In the auction held on Friday, banks indicated a demand of ₹1.42 lakh crore, whereas the Reserve Bank had notified an amount of only ₹1.25 lakh crore. This additional bidding suggests that banks currently have a b liquidity position and are willing to deposit it safely with the RBI.
The cut-off rate of the auction was 5.49 percent, indicating that the level of interest received by the banks remains around the policy rates. A senior dealer at a government bank stated that the main reason for the demand in this auction is the ₹2 lakh crore withdrawn by the RBI last week.
Increased Liquidity from Previous Withdrawal, Impact Seen in Auction
The withdrawal of ₹2 lakh crore last week created a surplus liquidity situation for banks this week. The Reserve Bank had withdrawn this amount under the VRRR operation. To redirect this surplus liquidity appropriately, banks participated extensively in this auction.
According to market experts, this is a normal process in which banks deposit additional liquidity with the RBI to earn interest, so that they can get a fixed return without risk.
Easing Trend Seen in Money Market Rates
After the auction, the overnight call money rate in the money market fell to 5.39 percent, while it was 5.54 percent in the previous trading day. This decline indicates that liquidity in the system is still ample and there is no pressure regarding short-term funding needs.

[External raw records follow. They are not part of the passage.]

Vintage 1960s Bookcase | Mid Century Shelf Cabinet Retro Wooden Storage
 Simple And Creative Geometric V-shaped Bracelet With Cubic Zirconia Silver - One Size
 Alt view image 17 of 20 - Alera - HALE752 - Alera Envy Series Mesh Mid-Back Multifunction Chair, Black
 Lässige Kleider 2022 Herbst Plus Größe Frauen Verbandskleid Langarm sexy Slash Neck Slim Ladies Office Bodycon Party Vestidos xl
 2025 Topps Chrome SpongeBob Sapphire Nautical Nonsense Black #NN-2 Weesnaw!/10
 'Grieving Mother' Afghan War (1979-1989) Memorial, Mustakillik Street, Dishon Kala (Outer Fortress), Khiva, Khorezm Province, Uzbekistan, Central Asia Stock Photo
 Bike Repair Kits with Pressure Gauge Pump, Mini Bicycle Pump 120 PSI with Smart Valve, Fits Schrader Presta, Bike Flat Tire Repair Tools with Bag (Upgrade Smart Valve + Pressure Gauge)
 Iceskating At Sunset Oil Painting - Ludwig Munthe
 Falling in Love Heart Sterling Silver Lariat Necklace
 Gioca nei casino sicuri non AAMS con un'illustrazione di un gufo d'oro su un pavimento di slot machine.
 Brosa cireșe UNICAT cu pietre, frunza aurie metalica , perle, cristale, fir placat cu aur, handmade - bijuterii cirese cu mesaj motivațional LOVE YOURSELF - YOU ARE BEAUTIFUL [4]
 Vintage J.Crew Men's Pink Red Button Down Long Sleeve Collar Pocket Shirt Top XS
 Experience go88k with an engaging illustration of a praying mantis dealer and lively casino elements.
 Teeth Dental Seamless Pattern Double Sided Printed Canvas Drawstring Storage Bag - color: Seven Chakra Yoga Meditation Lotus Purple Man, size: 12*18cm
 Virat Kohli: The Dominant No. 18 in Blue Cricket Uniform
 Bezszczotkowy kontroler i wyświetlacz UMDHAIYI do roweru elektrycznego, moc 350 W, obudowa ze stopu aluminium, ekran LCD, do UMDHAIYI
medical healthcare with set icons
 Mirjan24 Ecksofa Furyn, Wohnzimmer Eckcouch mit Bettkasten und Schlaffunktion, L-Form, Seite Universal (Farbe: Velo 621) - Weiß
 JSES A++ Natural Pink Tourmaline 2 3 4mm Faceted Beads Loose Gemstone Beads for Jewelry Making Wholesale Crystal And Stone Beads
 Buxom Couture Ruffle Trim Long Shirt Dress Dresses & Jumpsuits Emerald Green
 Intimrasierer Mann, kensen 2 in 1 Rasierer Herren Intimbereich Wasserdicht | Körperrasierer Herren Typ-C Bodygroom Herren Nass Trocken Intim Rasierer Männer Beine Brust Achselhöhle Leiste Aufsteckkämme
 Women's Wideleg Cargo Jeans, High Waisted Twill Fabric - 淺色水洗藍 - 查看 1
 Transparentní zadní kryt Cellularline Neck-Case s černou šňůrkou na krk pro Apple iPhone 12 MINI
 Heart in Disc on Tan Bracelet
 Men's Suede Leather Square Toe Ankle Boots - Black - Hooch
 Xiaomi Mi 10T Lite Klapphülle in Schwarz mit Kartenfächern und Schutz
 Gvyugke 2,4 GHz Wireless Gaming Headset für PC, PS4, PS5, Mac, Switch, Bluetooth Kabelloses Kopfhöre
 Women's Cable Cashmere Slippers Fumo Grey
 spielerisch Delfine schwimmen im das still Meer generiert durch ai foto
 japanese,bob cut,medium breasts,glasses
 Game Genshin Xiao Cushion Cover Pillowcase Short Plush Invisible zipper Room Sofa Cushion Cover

It was also observed that the overnight rate had reached above the policy repo rate on several occasions, due to which the RBI also conducted variable rate repo auctions twice during the week.
VRR Auction Tightened the System
After the two-day VRR auction on Wednesday, a decline in rates was recorded in the overnight money market. Prior to this, the rate had reached 5.75 percent, which is equal to the RBI's Marginal Standing Facility (MSF) rate. This indicates that competition among banks for short-term funds had intensified.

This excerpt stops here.